The builders have their own networks of highly specialized contractors and staff they have worked with before.
It is possible to crack these networks, but when the pipeline is done there won’t be much similar work in the Yukon. It may, however, be your entrée into pipeline welding in Yemen and Kazakhstan.
3) Buy a hotel, restaurant and bar. This has the advantage of benefiting from all the consultant travel during the planning phase. However, the pipeline-related travellers will remain a relatively small share of total travellers.
So the pipeline might be a profit boost, but if your hotel isn’t profitable the rest of the time then the pipeline probably won’t save you.
4) Buy an apartment building. This was apparently Jimmy Pattison’s strategy in Prince Rupert. There were multiple companies trying to build major new container terminals, but no one knew which would actually happen. So apartment buildings were a way to get a share of the action, no matter which project went forward. The workers need somewhere to live.
However, the long-term increase in jobs due to the pipeline is likely to be relatively small. It won’t require massive amounts of local maintenance and repair. So, like a hotel, your building should already be profitable and you should consider the pipeline a nice extra.
5) Get the natural gas distribution franchise in Whitehorse. This is only possible if the builders invest in an expensive “gas off-ramp” to step down the pressure in Whitehorse.
They have promised five off-ramps in Alaska, probably for political reasons.
Our governments would have to make them do the same here.

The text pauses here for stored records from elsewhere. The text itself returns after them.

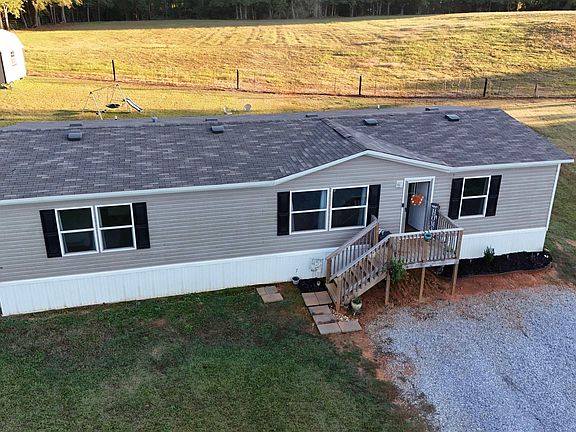 4th image of 138 Quail Run Cir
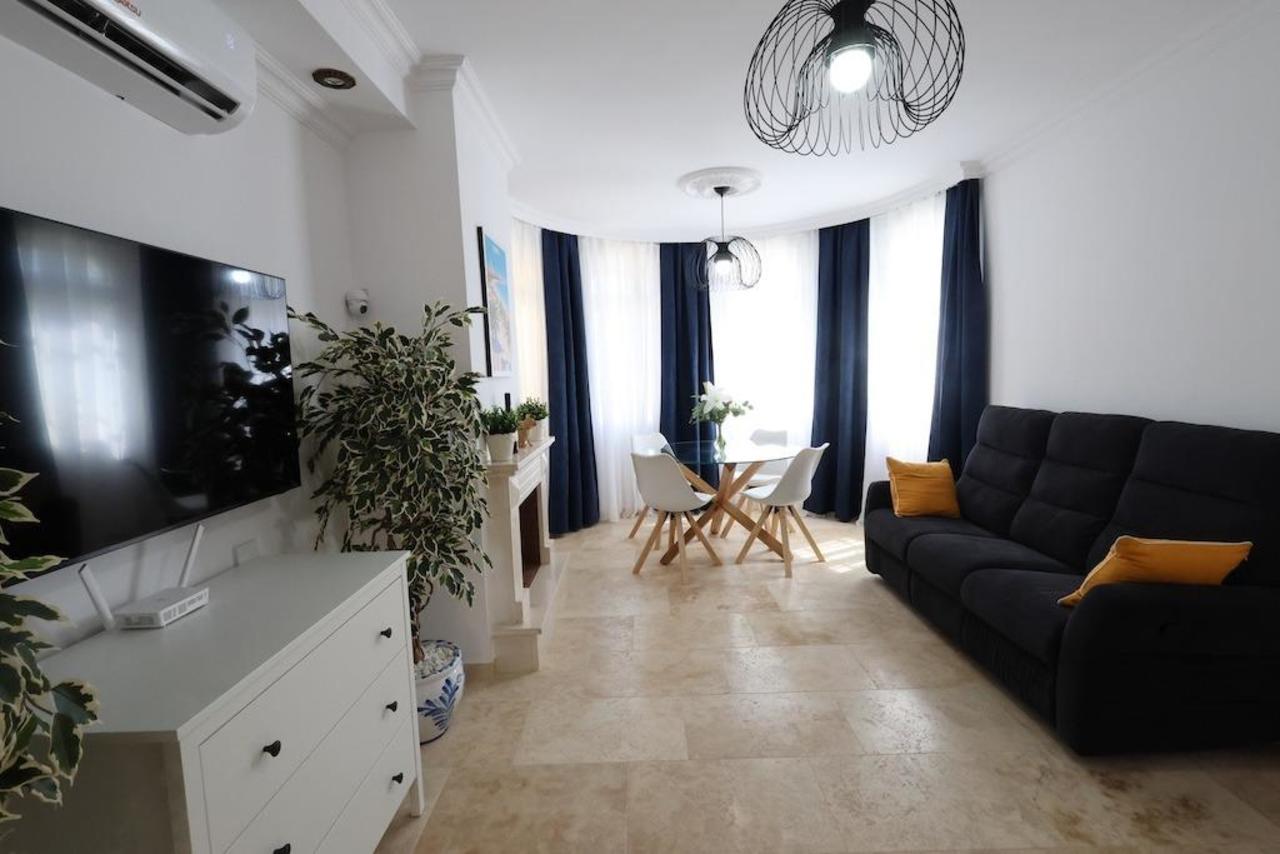 For sale - 3 Bedroom 1 Bathroom Villa in Villamartin - Costa Blanca  - Alicante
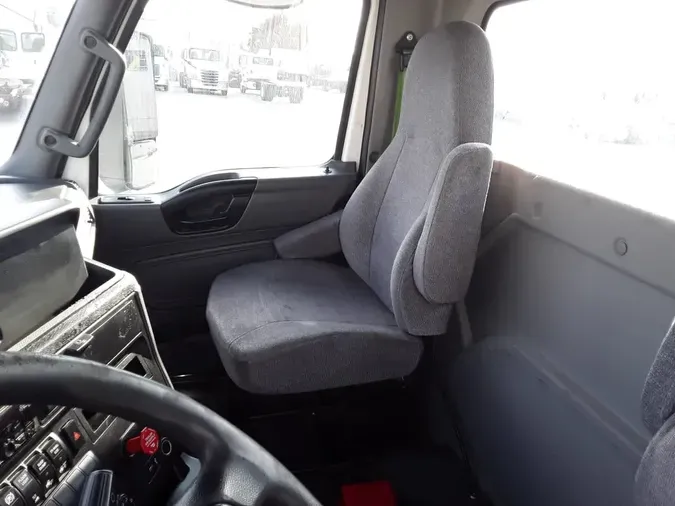 2020 NAVISTAR INTERNATIONAL LT625 DAYCAB T/A7b5a13a389b7283b8df77f68c46af045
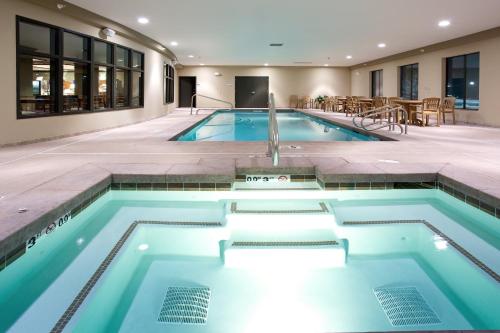 holiday inn express hotel and suites lander by ihg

Then, of course, you’d have to pay to rip up all the roads to bury pipes around town.
The current installed base of propane users is scattered all over the city so you would likely need significantly more people to install gas heat. The numbers might not add up for you.

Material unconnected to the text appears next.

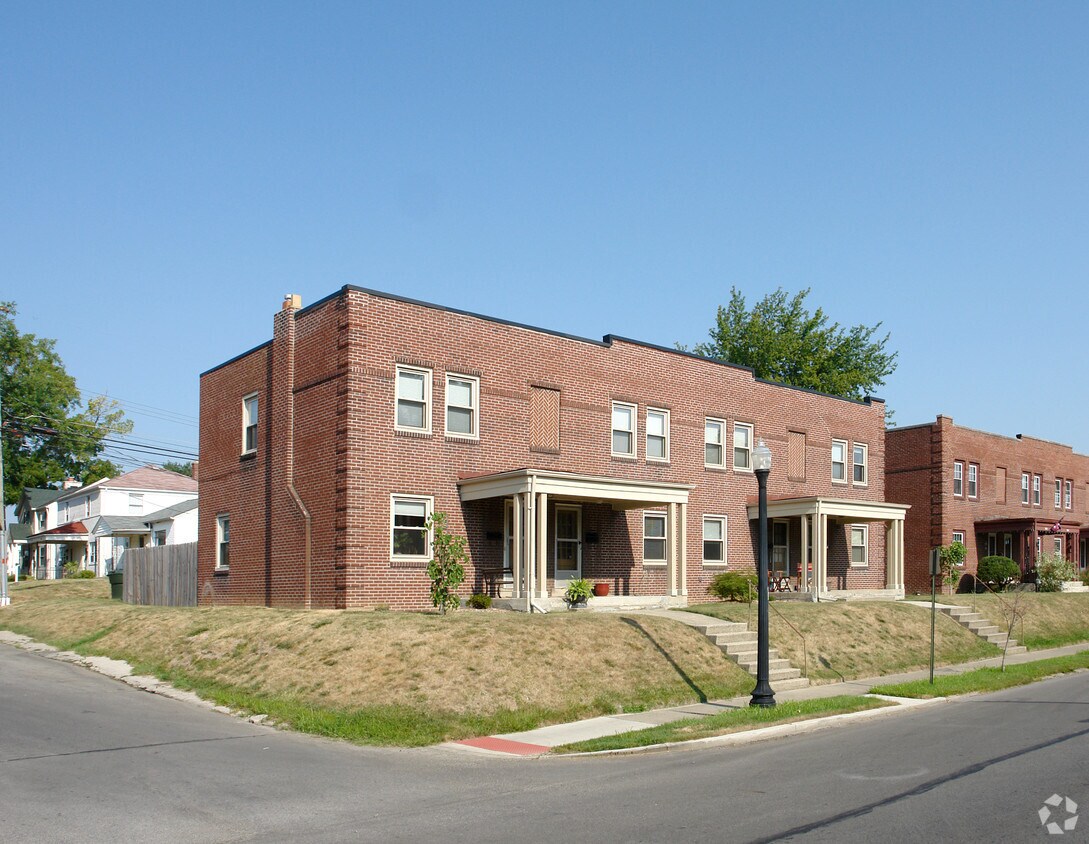 Building Photo - 1445-1451 Northwest Blvd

6) Build a dam. The pipeline will likely have three top five compressor stations in the Yukon, consuming about as much power as the Yukon currently generates.

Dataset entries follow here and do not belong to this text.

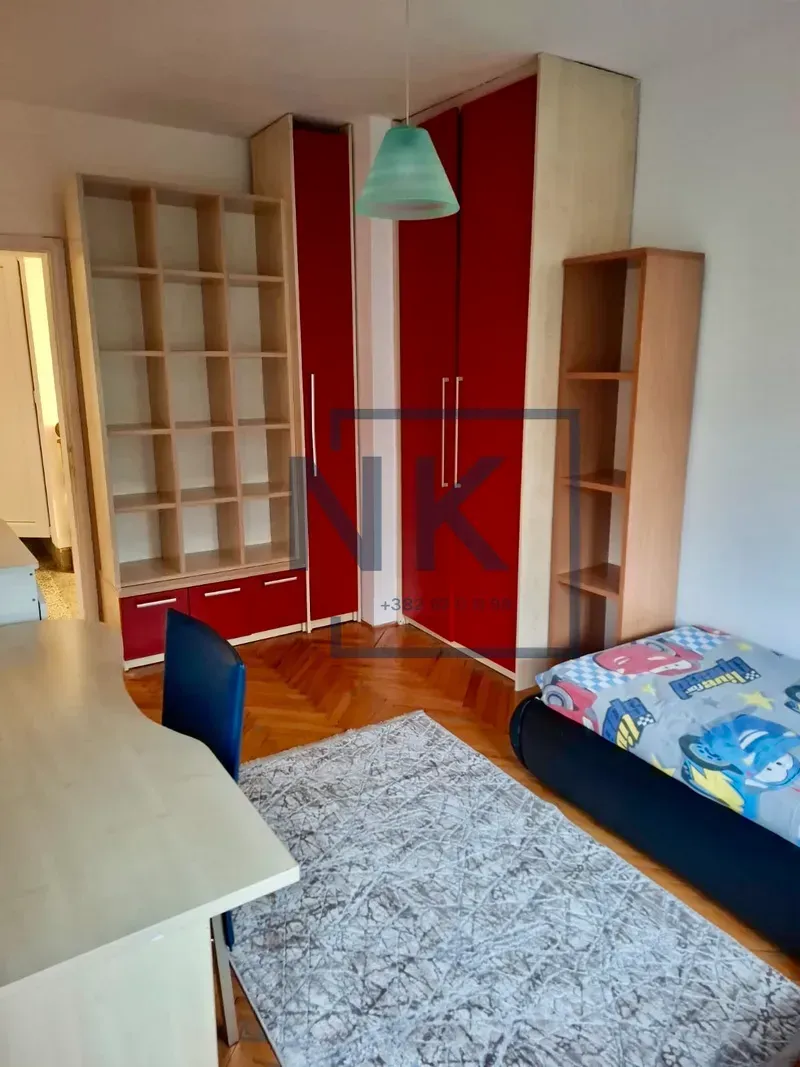 Rent, house, 300m², Stari Aerodrom, Podgorica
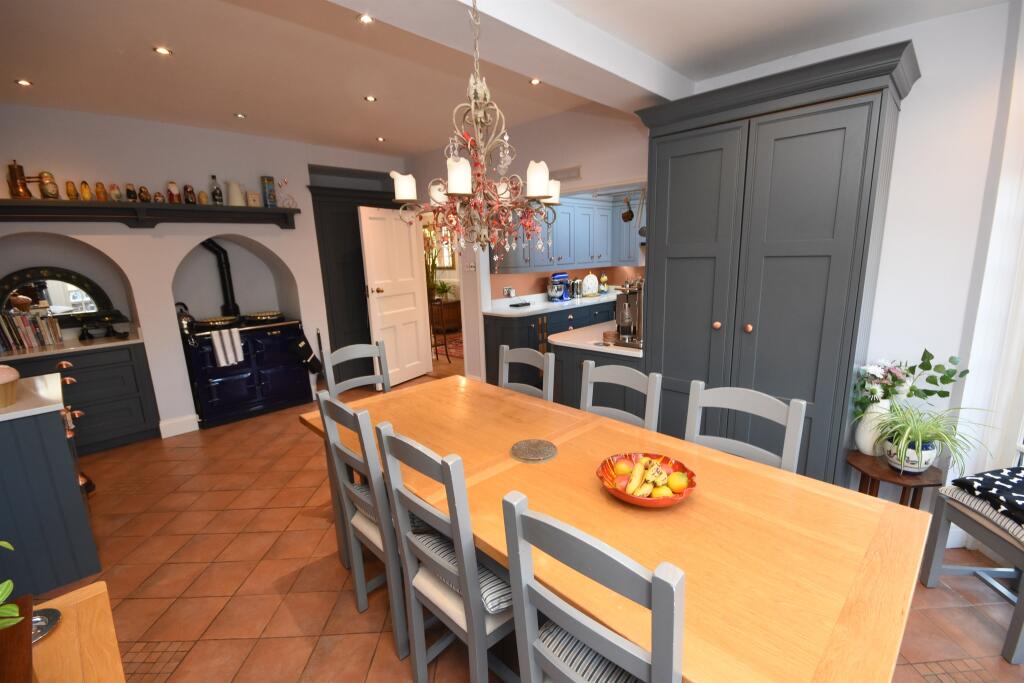 Additional property image - London Road, Braintree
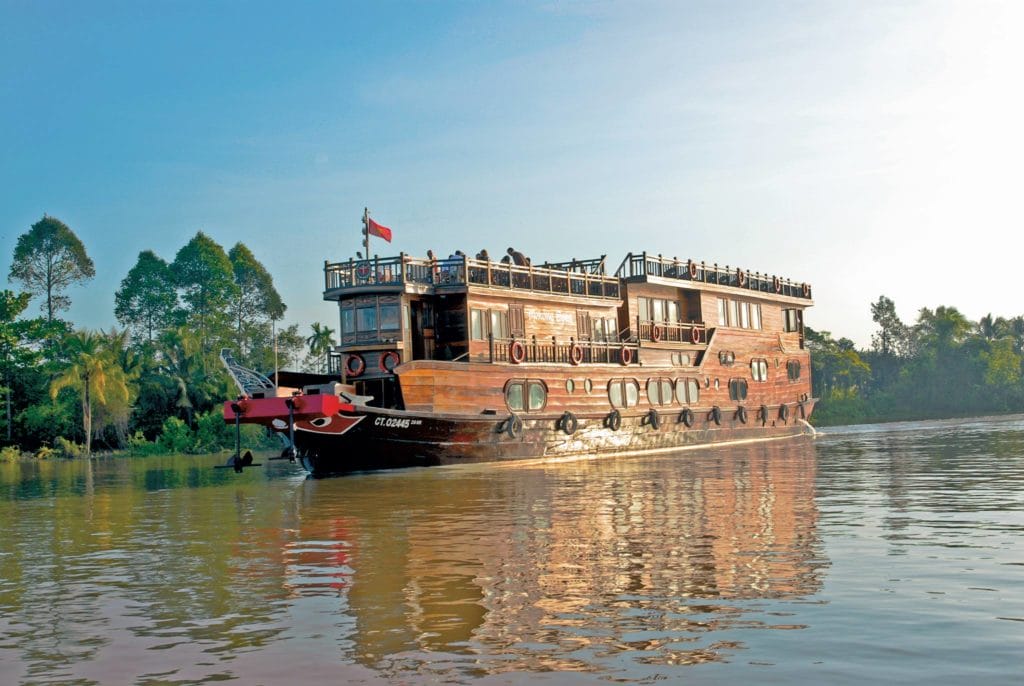 Upstream Mekong River Cruise Tour From Vietnam To Cambodia - 10 Days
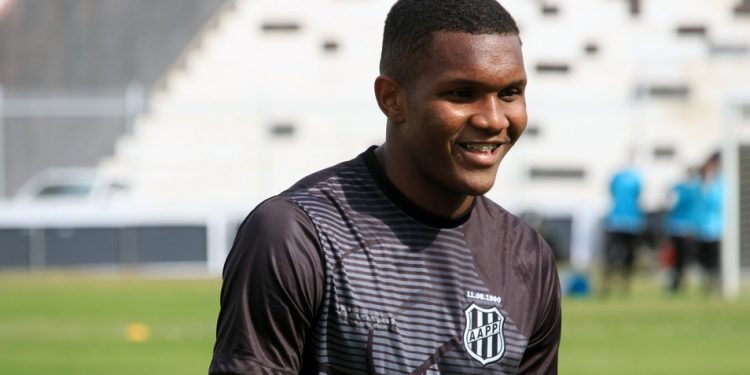 Talento da base, zagueiro Douglas será opção no banco de reservas contra o Confiança. Foto: Diego Almeida/Ponte Press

Plan A is to siphon off some gas from the pipeline at each stage to power the compressors.
However, using electrical power instead could be good all around.
The producers get more gas to Chicago and the Yukon gets cheap carbon-free electricity to heat our homes and power our electric cars (remember this is 2020 and gas is $12 per litre).
So in conclusion, unless you have a very clever idea the pipeline probably isn’t worth betting the farm on.
It might not happen.
And even if it does, its economic impact probably will be smaller than the hoopla suggests.
There are other, bigger economic variables to salivate over.
For example, the number of government employees in the Yukon has gone up by 900 in the last five years. That’s an entire sub-division of housing demand.
If you think the nice people in Ottawa are going to keep on sending the money, then Whitehorse real estate remains the place to be whether or not the pipeline ever happens.
Keith Halliday is a Yukon economist and author of Aurore of the Yukon and Yukon Secret Agents. His next book Yukon River Ghost appears in May.